When a legal claim is brought against the manager, member, employee or agent of a limited liability company one of their first questions is who will pay for their defense and any damages ultimately assessed against them for the claim. They will generally look to the company itself to fund their defense and to pay any damages or settlement amounts to the claimant. That is, they will want the company to indemnify them against the claim. However, under Oregon law the company may not be able to provide such indemnity either because neither the company’s articles of organization nor its operating agreement specifically permit it or because the particular claim is one of those claims for which the company is statutorily prohibited from providing such indemnity.
Oregon law (ORS 63.160) states that an LLC’s articles of organization or its operating agreement:
“. . . may provide for indemnification of any person for acts or omissions as a member, manager, employee or agent and may eliminate or limit the liability of a member, manager,employee or agent to the limited liability company or its members for damages from such acts or omissions. . . .”

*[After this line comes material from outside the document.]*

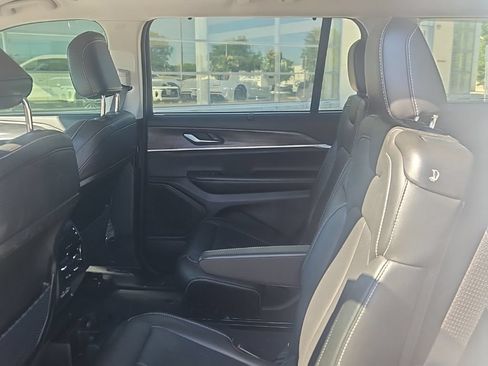 Used 2023 Jeep Grand Cherokee L Limited w/ Luxury Tech Group II AWD/4WD image 12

It is important to note though that no provision eliminating or limiting personal liability or providing for indemnification of a member of a member-managed LLC or a manager of a manager-managed LLC will be valid, “. . . for any act or omission occurring prior to the date when such provision became effective, . . .” ORS 63.160 (emphasis added)
Consequently, it is often critically important to make certain that either the articles of organization or the operating agreement specifically address the issues of indemnity for members, managers, and agents as well as the rights, if any, such members, managers and agents will have to indemnification in the event of any claim, preferably before the act or omission which is the basis of a claim.
Finally, it is important to note that an LLC subject to Oregon law cannot eliminate or limit the liability of its members and managers as to specific claims regardless of any provision in the operating agreement or articles of organization. Those claims are: (1) breach of the duty of loyalty to the company or to its members; (2) intentional misconduct or violation of law not in good faith; (3) any unlawful distributions in violation of ORS 63.235; and, (4) any transaction from which a member or manager obtains an improper personal benefit.